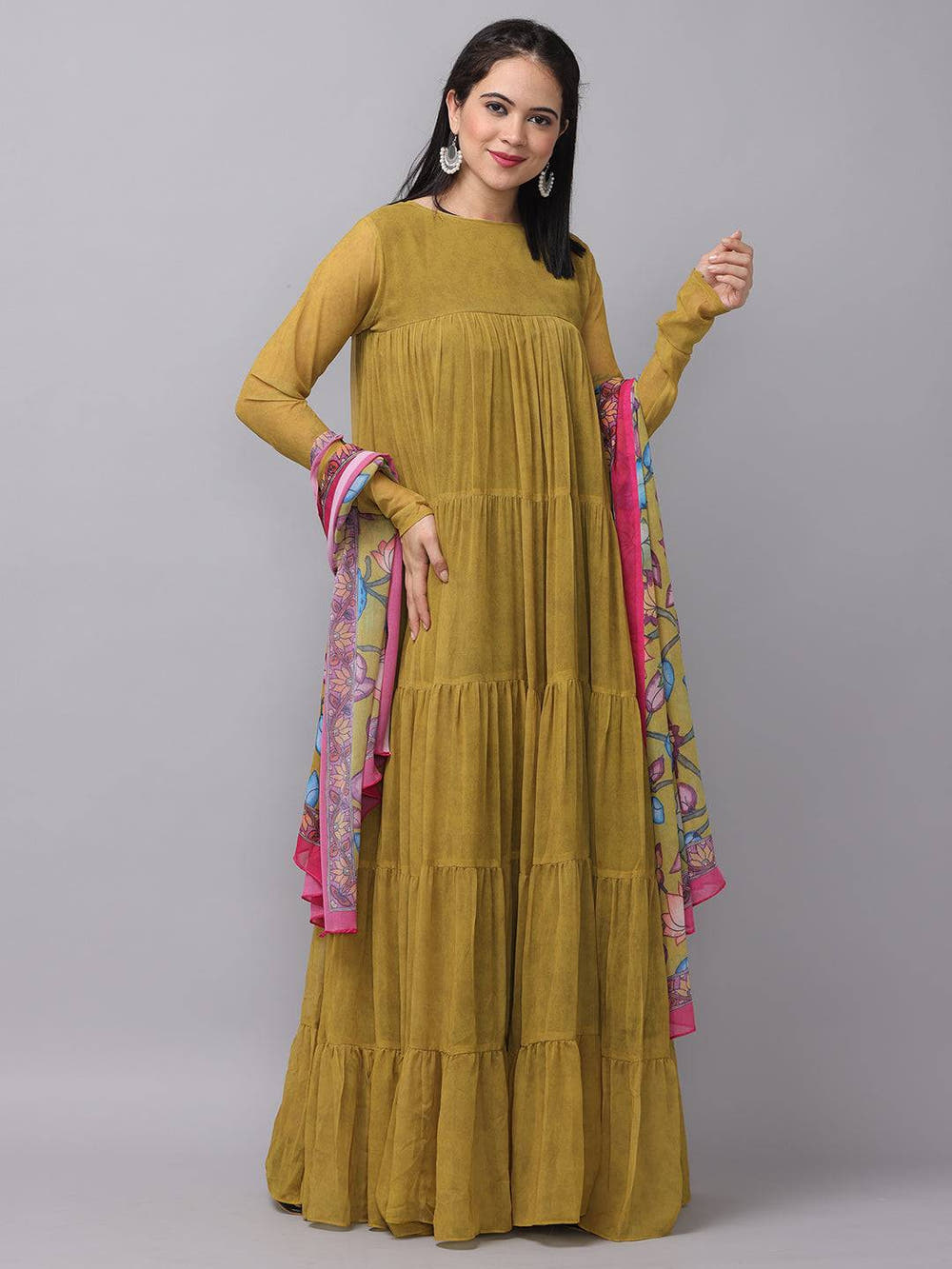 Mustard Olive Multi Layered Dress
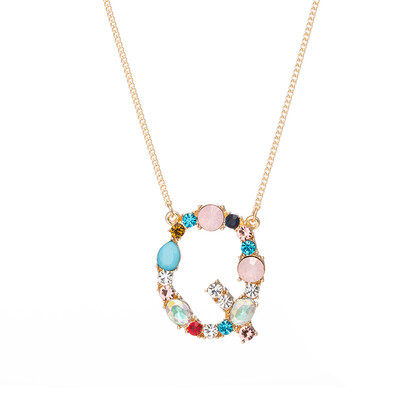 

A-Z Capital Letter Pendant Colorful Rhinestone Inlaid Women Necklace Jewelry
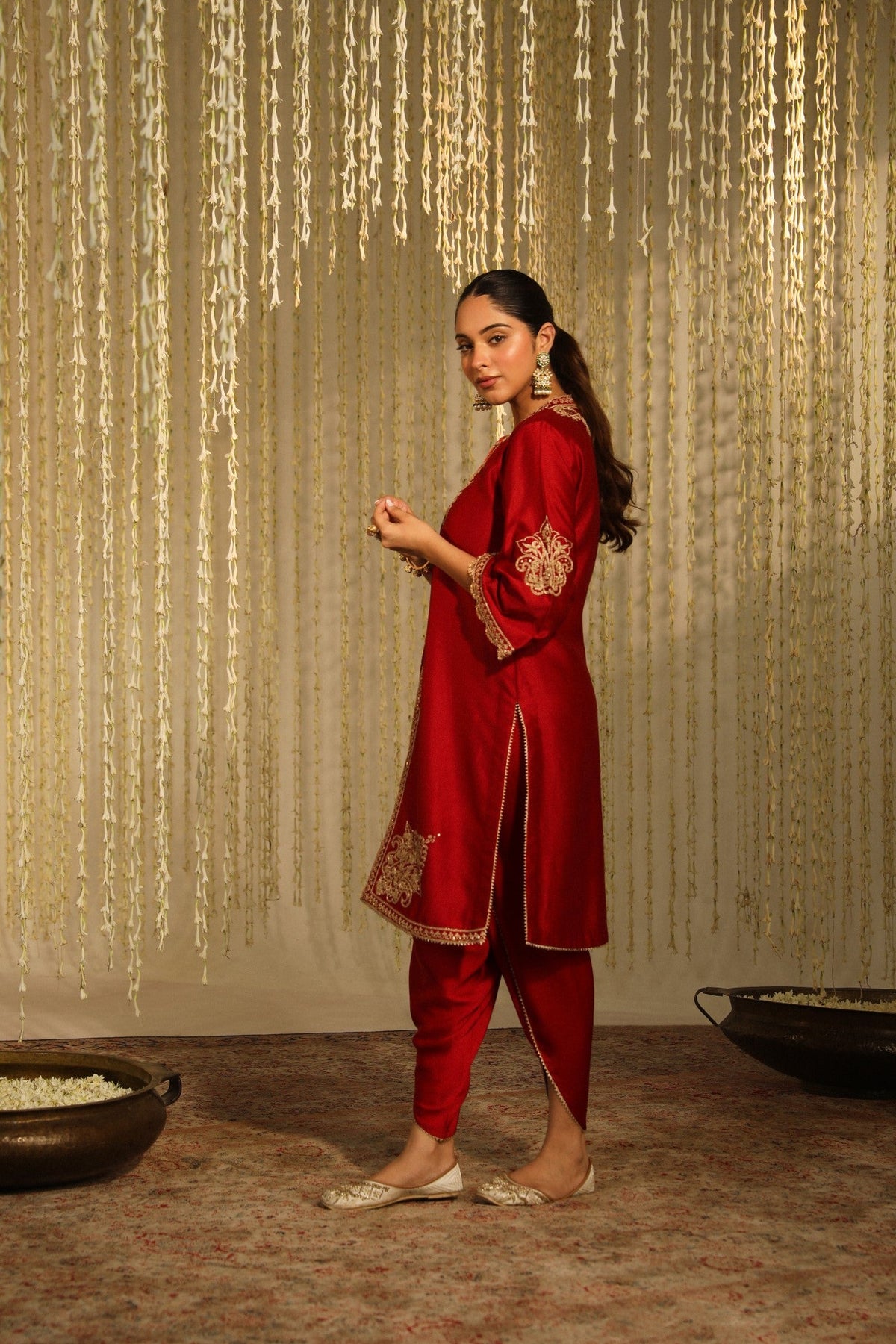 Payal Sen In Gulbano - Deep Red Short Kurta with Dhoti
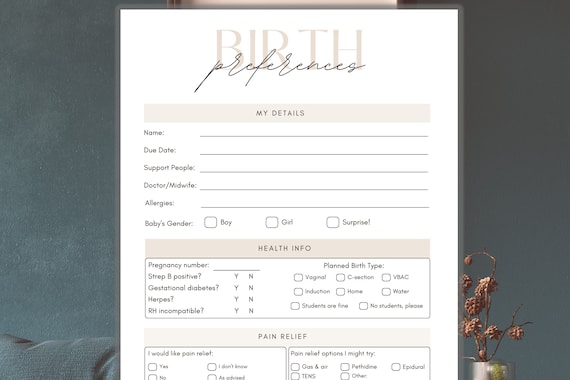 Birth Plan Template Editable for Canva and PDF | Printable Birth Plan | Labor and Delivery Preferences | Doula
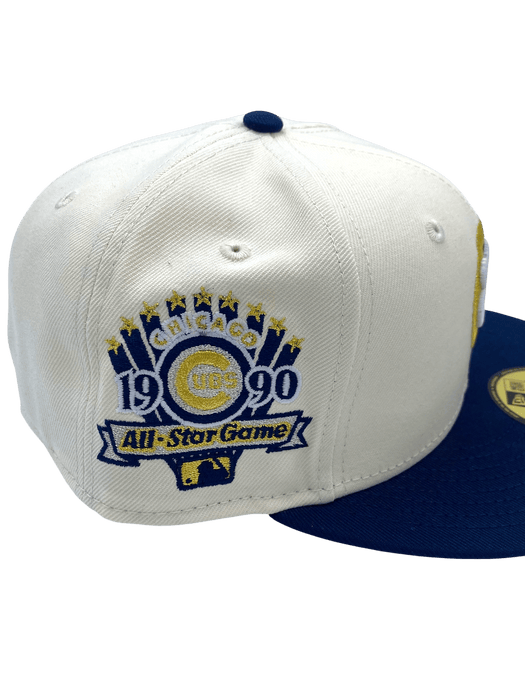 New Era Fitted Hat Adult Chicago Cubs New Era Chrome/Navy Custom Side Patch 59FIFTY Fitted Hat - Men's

WORK ITEM
Pictures are skipped here. Print exactly, and only, the lines from the one holding "A-Z Capital Letter" through the final line of the material above, both ends included.

TASK SOLUTION
A-Z Capital Letter Pendant Colorful Rhinestone Inlaid Women Necklace Jewelry
 Payal Sen In Gulbano - Deep Red Short Kurta with Dhoti
 Birth Plan Template Editable for Canva and PDF | Printable Birth Plan | Labor and Delivery Preferences | Doula
 New Era Fitted Hat Adult Chicago Cubs New Era Chrome/Navy Custom Side Patch 59FIFTY Fitted Hat - Men's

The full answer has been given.